US Senators sent a letter to the EU Thursday urging that Hamas not be taken off its terror list following The Jerusalem Post’s report that the PA was lobbying for such a change.

“We urge you to encourage the Palestinian Authority to put more pressure on Hamas to renounce violence, recognize the Jewish State of Israel and accept all prior agreements, rather than pursuing diplomatic schemes that undermine the peace process,” stated the letter.

It was co-authored by Mark Kirk (R-Illinois) and Bill Nelson (D-Florida), and signed by 14 other colleagues from both sides of the aisle.
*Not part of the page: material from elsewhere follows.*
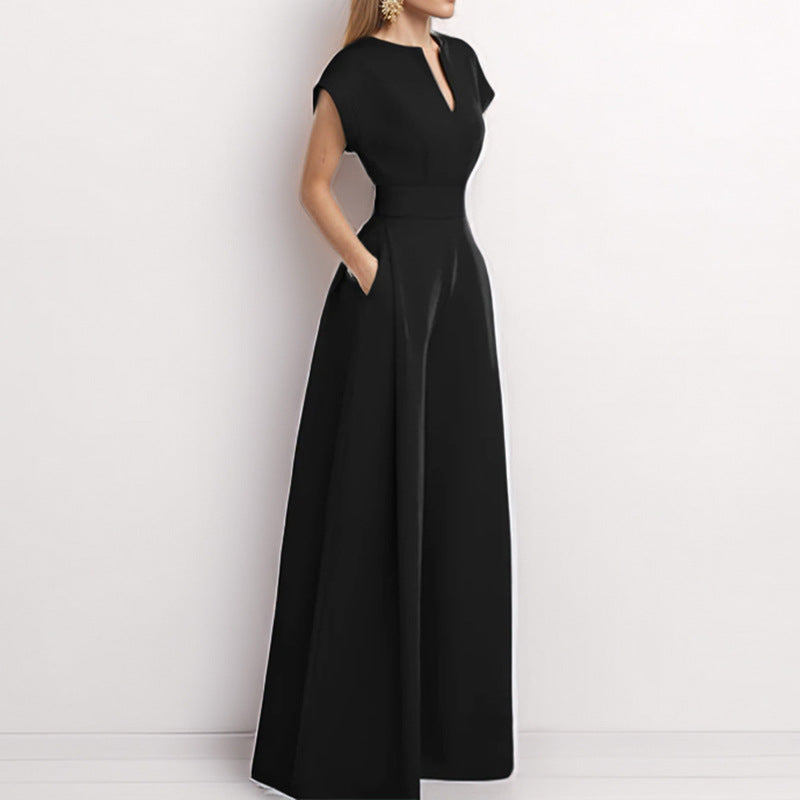 Serena Tailored Wide-Leg Jumpsuit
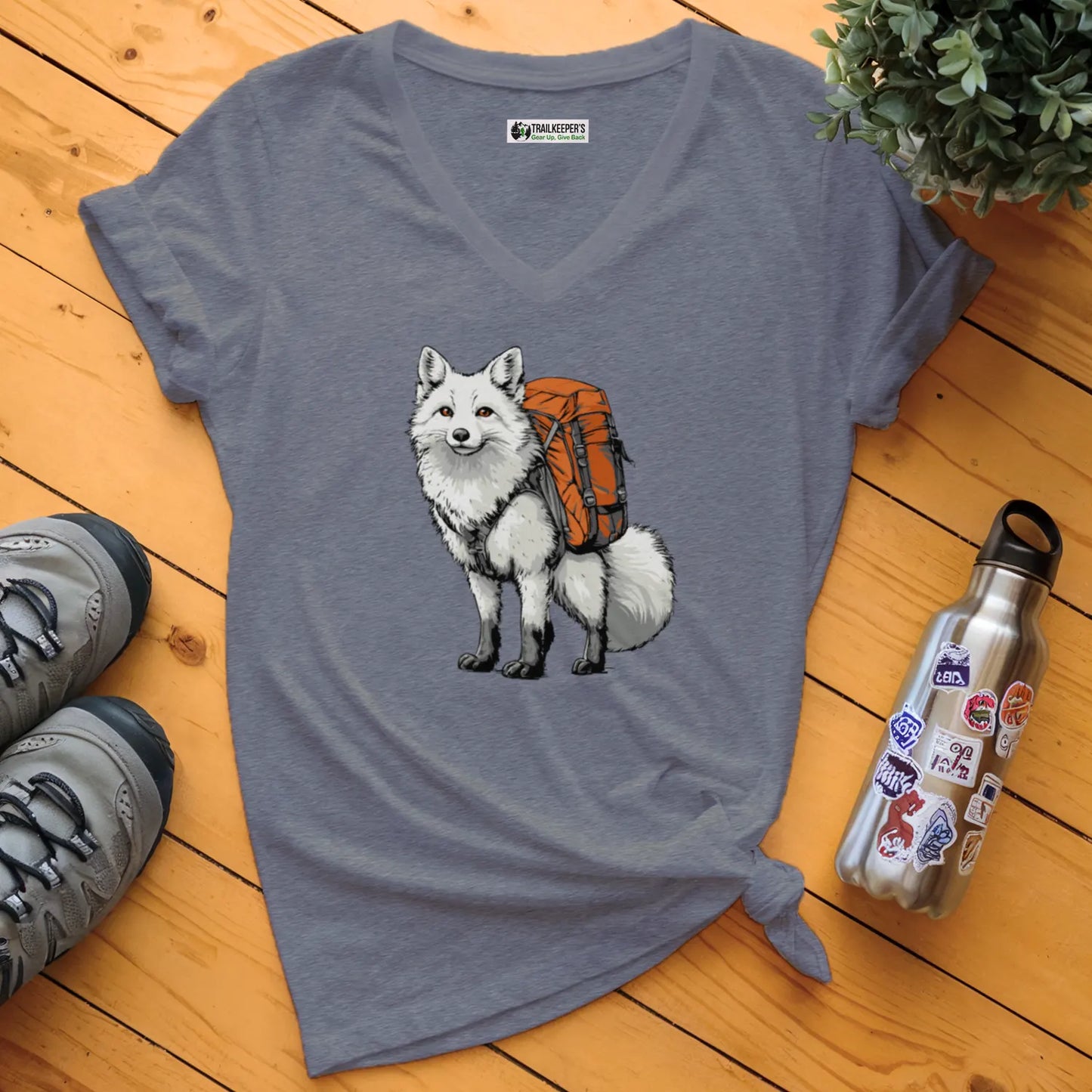 Arctic Fox Backpacker V-Neck T-Shirt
The letter to EU foreign policy chief Catherine Ashton noted “concern” over reports that the PA was pushing for the removal of Hamas from the EU terror list to facilitate the formation of a national unity government between the Islamic party and the secular Fatah.
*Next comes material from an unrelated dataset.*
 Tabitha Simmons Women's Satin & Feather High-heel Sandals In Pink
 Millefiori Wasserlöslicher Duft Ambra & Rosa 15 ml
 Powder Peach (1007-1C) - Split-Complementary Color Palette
The story was reported in the Post last week, as the two Palestinian groups try to respond to public demands sparked by the protests rocking the Arab world that they stop their infighting and unite.

The senators’ letter notes Hamas culpability in the death of at least 26 American citizens, and Hamas’s refusal to abide by demands to recognize Israel’s right to exist, renounce violence and respect previous agreements laid out by the Quartet, of which the EU is a member.

Also this week on Capitol Hill, a group of members of Congress is trying to strip the president of his power to waive a law requiring him to move the embassy to Jerusalem.

The legislation has the backing of 10 Republicans, including sponsor Dan Burton (RIndiana), chairman of the House’s Europe Subcommittee, Ileana Ros-Lehtinen (R-Florida), chairwoman of the House Foreign Affairs Committee, Steve Chabot (R-Ohio), chairman of the House Middle East Subcommittee and two Democrats.

The prominent roles played by the bill’s Republican supporters all but guarantee its passage in the Foreign Affairs Committee, and referral to the full House.

President Obama, like his predecessors Bush and Clinton, has consistently invoked the national security waiver in the 1995 law that first required such a move. A law removing such a waiver likely would be ignored by the White House as unconstitutionally challenging the president’s executive prerogative in setting foreign policy.